Грязнов «мучил» вилку, и на него было больно смотреть. Его лицо исказилось в болезненной гримасе, на побагровевших скулах играли вздувшиеся желваки, и он, словно выброшенный на берег окунь, бессмысленно разевал рот.
— По больному бьешь? Бей! Тебе не впервой. Хотя ты, именно ты, лучше кого бы то ни было знаешь, почему я написал министру рапорт и уехал из Москвы!
— Ты о Денисе? — спросил, словно выдавил из себя, Турецкий.
— Да, о Денисе! О Денисе!!! Ты ведь сам знаешь! Я же хоронил его!..

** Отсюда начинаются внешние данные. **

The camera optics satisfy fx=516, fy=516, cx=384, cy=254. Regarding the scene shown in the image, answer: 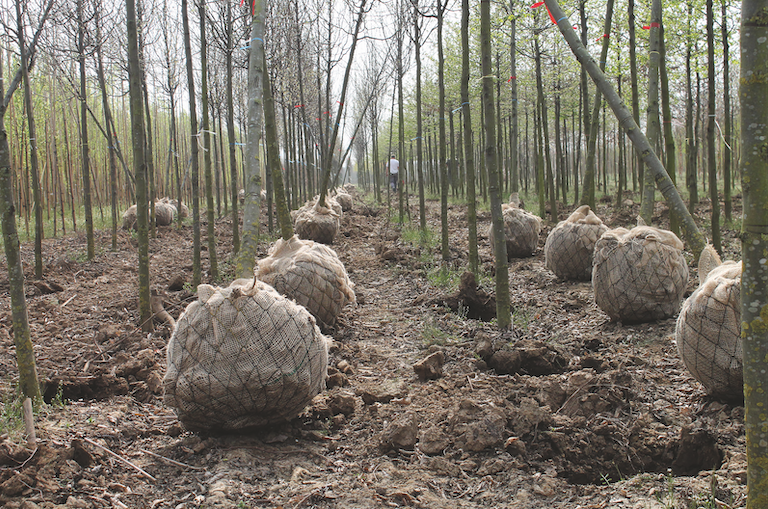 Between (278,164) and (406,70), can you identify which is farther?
(406,70)

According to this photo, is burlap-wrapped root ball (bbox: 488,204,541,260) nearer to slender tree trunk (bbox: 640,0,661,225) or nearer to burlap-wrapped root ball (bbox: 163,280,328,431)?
slender tree trunk (bbox: 640,0,661,225)

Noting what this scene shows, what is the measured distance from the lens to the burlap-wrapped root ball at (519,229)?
7.44 metres

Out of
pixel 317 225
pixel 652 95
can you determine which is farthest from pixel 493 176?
pixel 317 225

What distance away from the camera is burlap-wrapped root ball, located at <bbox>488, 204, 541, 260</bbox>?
7.44m

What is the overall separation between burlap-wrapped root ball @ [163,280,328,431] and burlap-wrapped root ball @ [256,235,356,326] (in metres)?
1.79

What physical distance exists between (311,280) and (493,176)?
1.78 metres

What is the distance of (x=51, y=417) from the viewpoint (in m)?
2.80

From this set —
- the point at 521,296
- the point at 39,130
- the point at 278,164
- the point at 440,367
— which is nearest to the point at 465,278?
the point at 521,296

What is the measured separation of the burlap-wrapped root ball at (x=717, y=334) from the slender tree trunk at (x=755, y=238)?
148cm

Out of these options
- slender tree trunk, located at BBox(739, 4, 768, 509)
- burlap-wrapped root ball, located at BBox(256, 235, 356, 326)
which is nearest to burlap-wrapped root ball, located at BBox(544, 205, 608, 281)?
burlap-wrapped root ball, located at BBox(256, 235, 356, 326)

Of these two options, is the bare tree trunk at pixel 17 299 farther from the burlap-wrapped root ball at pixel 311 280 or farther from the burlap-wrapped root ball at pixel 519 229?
the burlap-wrapped root ball at pixel 519 229

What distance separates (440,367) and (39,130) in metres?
16.2

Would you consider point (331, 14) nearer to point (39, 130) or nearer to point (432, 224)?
point (432, 224)

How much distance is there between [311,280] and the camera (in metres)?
4.53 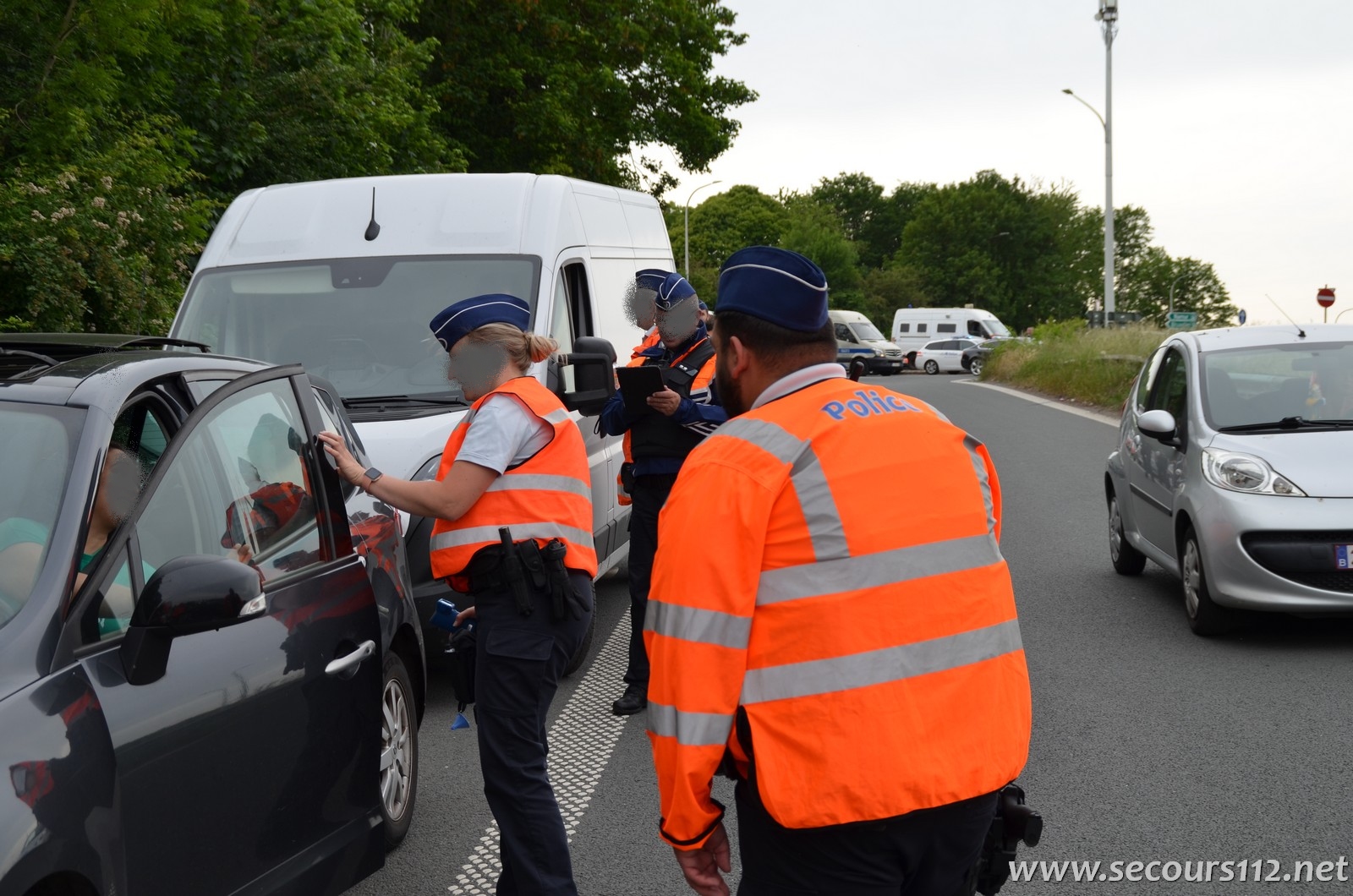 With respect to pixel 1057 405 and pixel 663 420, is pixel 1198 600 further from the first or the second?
pixel 1057 405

Положив руки на клеенку, Турецкий будто приклеился глазами к лицу хозяина дома. Наконец его губы шевельнулись, и он негромко произнес:
— Я не должен был пока говорить тебе этого, но…

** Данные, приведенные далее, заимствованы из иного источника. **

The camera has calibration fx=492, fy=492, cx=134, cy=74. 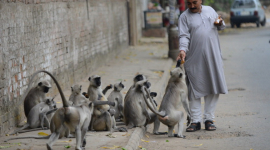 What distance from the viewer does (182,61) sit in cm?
743

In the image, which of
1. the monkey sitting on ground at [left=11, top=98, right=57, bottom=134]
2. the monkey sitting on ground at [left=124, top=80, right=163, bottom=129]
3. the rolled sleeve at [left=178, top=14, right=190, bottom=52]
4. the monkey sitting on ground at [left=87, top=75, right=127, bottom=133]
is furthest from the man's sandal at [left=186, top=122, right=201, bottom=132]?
the monkey sitting on ground at [left=11, top=98, right=57, bottom=134]

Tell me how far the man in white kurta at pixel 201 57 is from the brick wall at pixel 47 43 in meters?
2.63

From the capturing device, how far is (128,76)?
537 inches

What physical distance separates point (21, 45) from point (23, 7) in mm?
721

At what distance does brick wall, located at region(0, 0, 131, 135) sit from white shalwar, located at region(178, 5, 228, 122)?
2.63 metres

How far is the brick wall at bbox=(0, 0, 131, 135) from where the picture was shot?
735cm

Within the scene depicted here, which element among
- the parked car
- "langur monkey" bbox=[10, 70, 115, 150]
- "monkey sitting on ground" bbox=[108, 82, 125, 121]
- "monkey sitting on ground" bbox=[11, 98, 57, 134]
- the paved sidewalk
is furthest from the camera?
the parked car

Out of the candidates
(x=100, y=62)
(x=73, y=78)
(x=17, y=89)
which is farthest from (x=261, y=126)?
(x=100, y=62)

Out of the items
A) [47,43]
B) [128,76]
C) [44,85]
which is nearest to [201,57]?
[44,85]

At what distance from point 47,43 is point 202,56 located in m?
3.61

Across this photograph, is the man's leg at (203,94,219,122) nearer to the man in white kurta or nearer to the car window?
the man in white kurta

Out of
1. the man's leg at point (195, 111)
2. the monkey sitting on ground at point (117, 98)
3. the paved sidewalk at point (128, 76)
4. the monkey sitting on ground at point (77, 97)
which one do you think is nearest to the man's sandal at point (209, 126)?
the man's leg at point (195, 111)

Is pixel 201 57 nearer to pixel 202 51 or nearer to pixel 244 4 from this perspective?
pixel 202 51

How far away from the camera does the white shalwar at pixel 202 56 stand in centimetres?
758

И замолчал. Молчал и Грязнов, пристально вглядываясь в гостя. Однако в какой-то момент его губы дрогнули, и он, словно затравленная собака, попытался поймать его взгляд.
— Ты… ты хотел что-то еще сказать? Что-то о нем?.. О Дениске?
— Да.
— Так… так чего же ты?!
— Но я… я не имею права… и я… я дал ему слово пока молчать.

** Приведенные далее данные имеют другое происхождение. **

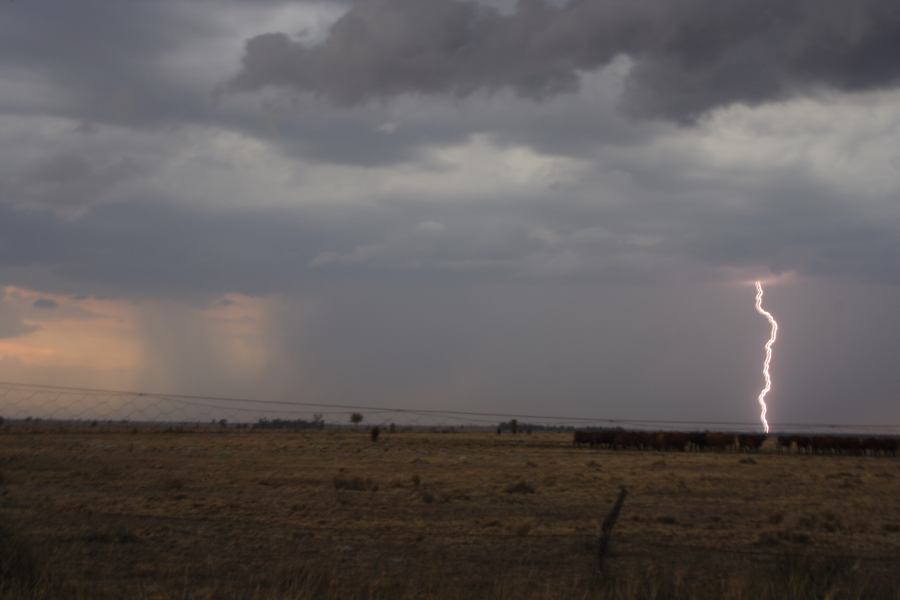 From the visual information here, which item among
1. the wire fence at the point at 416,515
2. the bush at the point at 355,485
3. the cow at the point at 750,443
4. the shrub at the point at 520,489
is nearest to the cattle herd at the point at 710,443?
the cow at the point at 750,443

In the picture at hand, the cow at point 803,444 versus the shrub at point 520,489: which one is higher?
the shrub at point 520,489

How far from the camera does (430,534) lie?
2558 centimetres

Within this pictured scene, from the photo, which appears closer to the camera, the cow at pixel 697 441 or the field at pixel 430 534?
the field at pixel 430 534

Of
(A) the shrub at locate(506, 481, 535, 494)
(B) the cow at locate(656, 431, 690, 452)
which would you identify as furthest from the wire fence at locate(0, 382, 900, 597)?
(B) the cow at locate(656, 431, 690, 452)

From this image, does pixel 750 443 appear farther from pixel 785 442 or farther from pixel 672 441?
pixel 672 441

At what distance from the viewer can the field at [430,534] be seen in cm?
Result: 1492

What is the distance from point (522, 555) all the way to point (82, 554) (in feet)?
33.6

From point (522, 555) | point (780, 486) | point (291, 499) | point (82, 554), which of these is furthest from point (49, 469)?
point (780, 486)

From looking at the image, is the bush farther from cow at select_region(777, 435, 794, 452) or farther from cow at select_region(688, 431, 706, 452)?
cow at select_region(777, 435, 794, 452)

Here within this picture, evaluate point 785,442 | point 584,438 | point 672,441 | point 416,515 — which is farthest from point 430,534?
point 785,442

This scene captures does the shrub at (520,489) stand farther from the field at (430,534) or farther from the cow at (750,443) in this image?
the cow at (750,443)

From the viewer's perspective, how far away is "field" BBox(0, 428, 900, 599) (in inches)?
587

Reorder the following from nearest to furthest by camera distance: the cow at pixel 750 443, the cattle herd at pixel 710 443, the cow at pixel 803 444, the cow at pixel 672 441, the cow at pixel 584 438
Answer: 1. the cow at pixel 672 441
2. the cattle herd at pixel 710 443
3. the cow at pixel 750 443
4. the cow at pixel 584 438
5. the cow at pixel 803 444

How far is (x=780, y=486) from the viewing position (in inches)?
1833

Теперь уже на лицо Грязнова было страшно смотреть.
— К-к-кому ты дал слово?! — заикаясь, спросил он, и под его глазом дернулся какой-то нерв. — Денису?!
Александр Борисович молча кивнул.
Руки Грязнова сжались в кулаки, и он, как на больного, уставился на Турецкого.
— Ты хоть отдаешь себе отчет в том, о чем говоришь?
— Отдаю, отдаю…
Повисла тяжелая, почти гробовая тишина, и вдруг она словно взорвалась:
— Да как же ты мог дать ему обещание, если Дениска погиб при взрыве?! Как?! Или, может, ты совсем уж?!
Однако Турецкий не дал ему доорать:
— Ты опять скажешь, что у меня поехала крыша! Так вот, должен заявить тебе четко и ясно: моя черепная коробка в полном порядке, да и с потусторонним миром я давно уже не общаюсь, с тех самых пор, как из прокуратуры ушел. А насчет Дениса скажу вот что…
Вячеслав Иванович верил и не верил услышанному. Был бы кто-нибудь другой, может, и в морду бы дал за благостную сказку про счастливое спасение деда Мазая и зайцев, однако за столом сидел Саня Турецкий, и если уж не верить ему, то в таком случае и жить дальше незачем…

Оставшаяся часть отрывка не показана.